▶ **Assigned task**
Everything from the first line of the data below through the line that contains "8121 SE Shiloh Terrace Hobe Sound FL 33455" should be written out exactly, please, and nothing more; the pictures stay out.

[Start of Attachment]

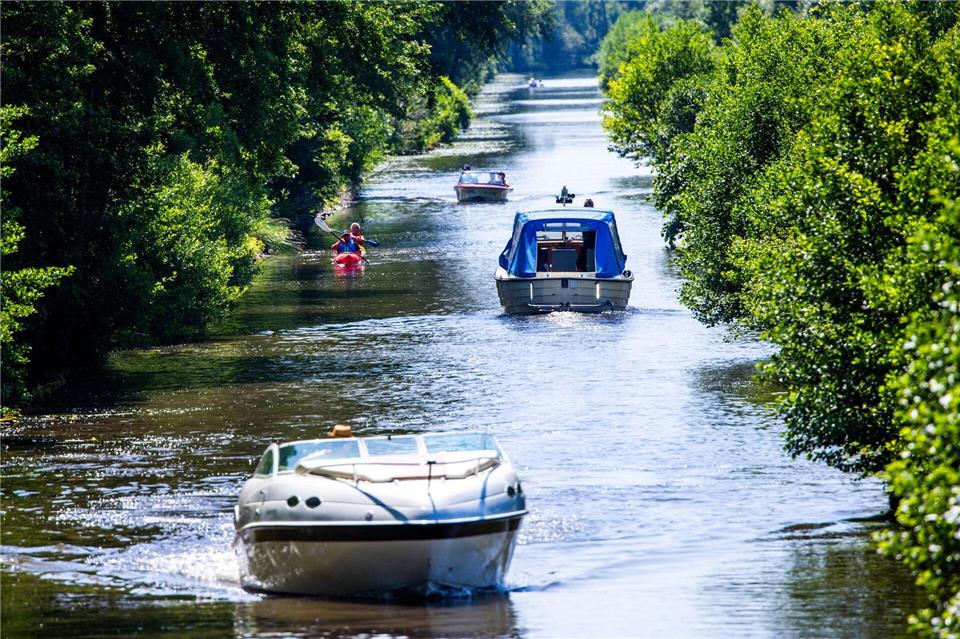 Mecklenburg-Vorpommern, Berlin und Brandenburg bieten viele Möglichkeiten für Freunde des Wassersports.Jens Büttner/dpa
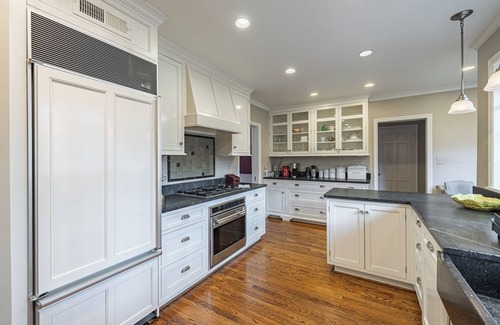 Bethesda House | Gorgeous Entire House 7-Bedrooms 8-Beds in Bethesda, MD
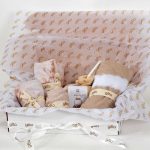 bundles043 150x150 - מארז שמיכה קלה גדולה, סט סדינים בקאמל ורעשן מעץ טבעי
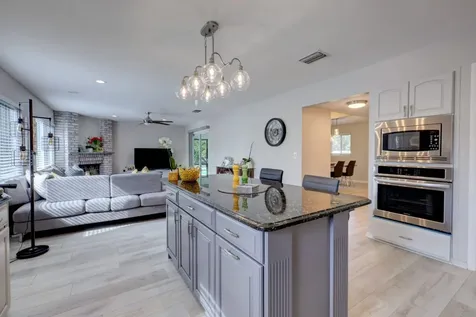 8121 SE Shiloh Terrace Hobe Sound FL 33455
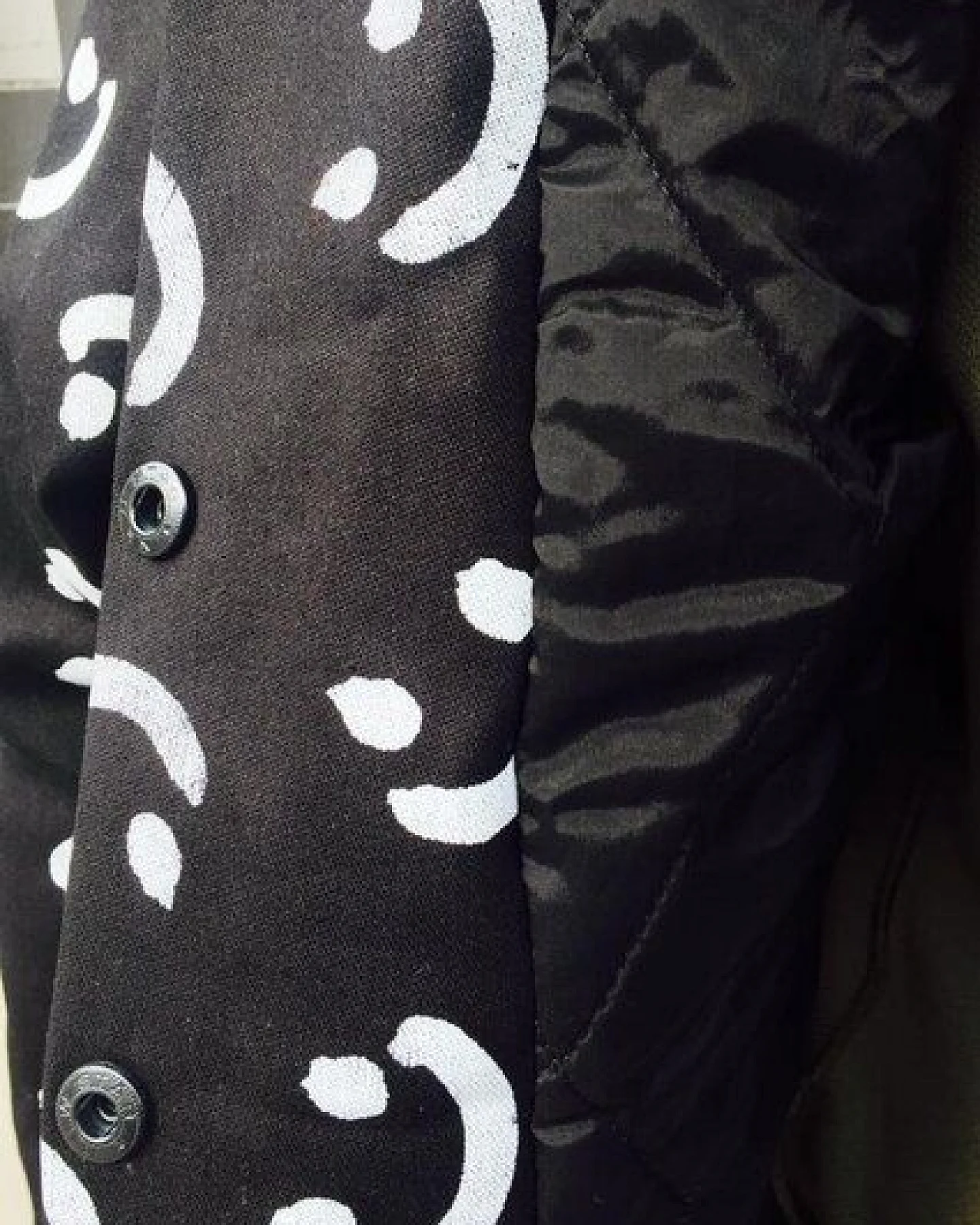 Iksi - XXII Streetwear Smiley Blouson – Ansicht 3
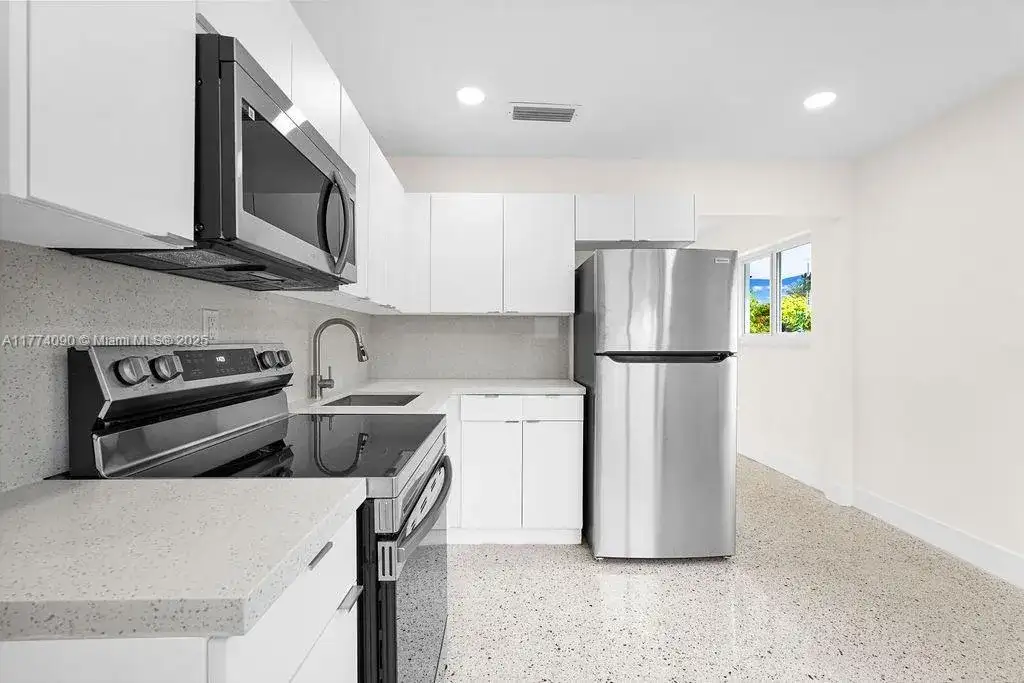 2775 NW 31st St, Miami FL 33142 photo 2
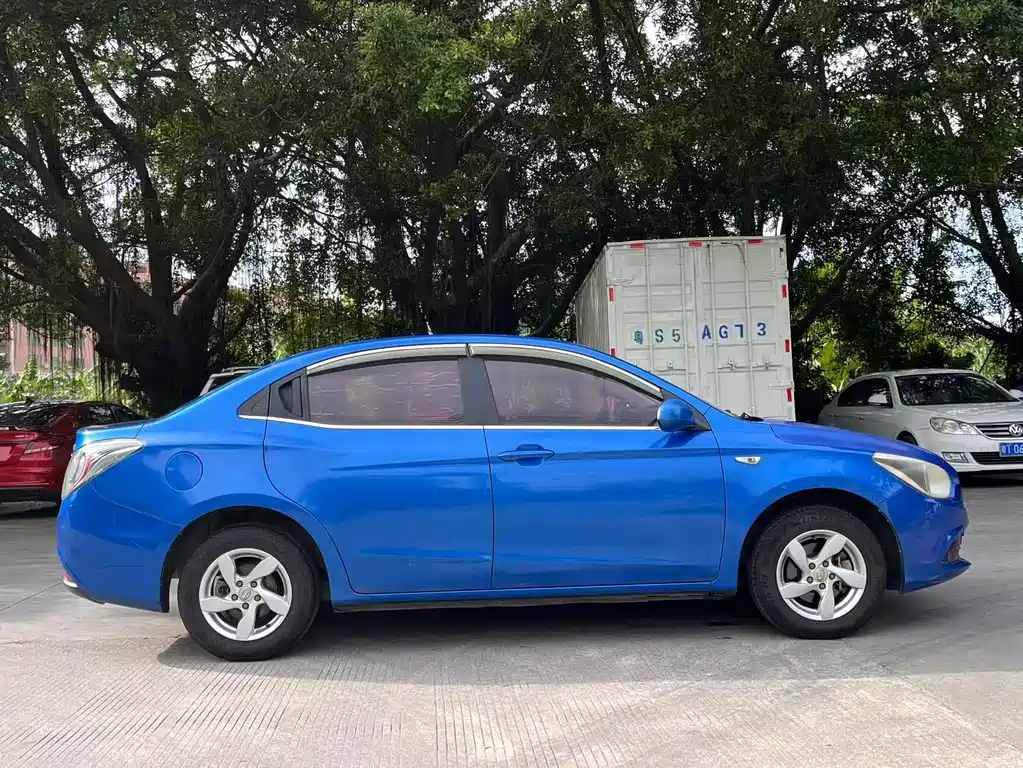 GAC GA3 2013 1.6L MT Luxury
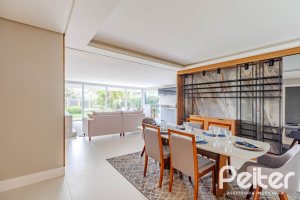 Apartamento Garden à venda com 173m², 3 dormitórios, 3 suítes, 4 vagas, no bairro Vila Assunção em Porto Alegre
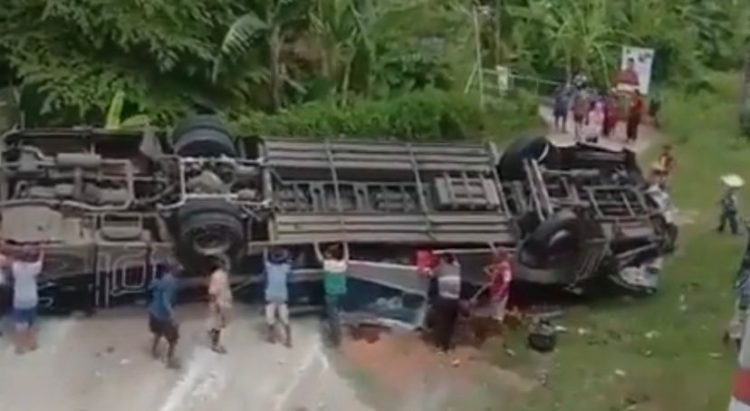 Miris !!! Bus New Shantika Terjun dari Tol, Dua Meninggal Dunia dan 16 Orang Masih di Rawat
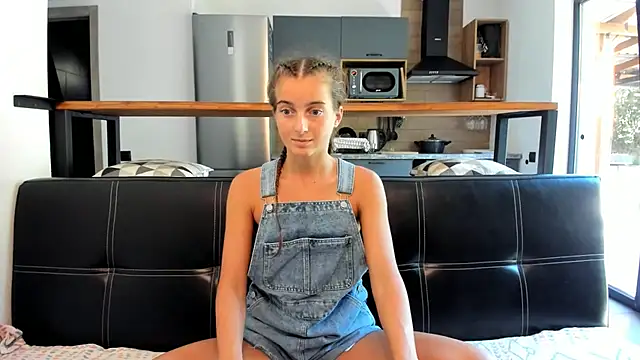 ElizSweet online show from October 6, 2025, 9:54 am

[End of Attachment]

▶ **Task answer**
 Mecklenburg-Vorpommern, Berlin und Brandenburg bieten viele Möglichkeiten für Freunde des Wassersports.Jens Büttner/dpa
 Bethesda House | Gorgeous Entire House 7-Bedrooms 8-Beds in Bethesda, MD
 bundles043 150x150 - מארז שמיכה קלה גדולה, סט סדינים בקאמל ורעשן מעץ טבעי
 8121 SE Shiloh Terrace Hobe Sound FL 33455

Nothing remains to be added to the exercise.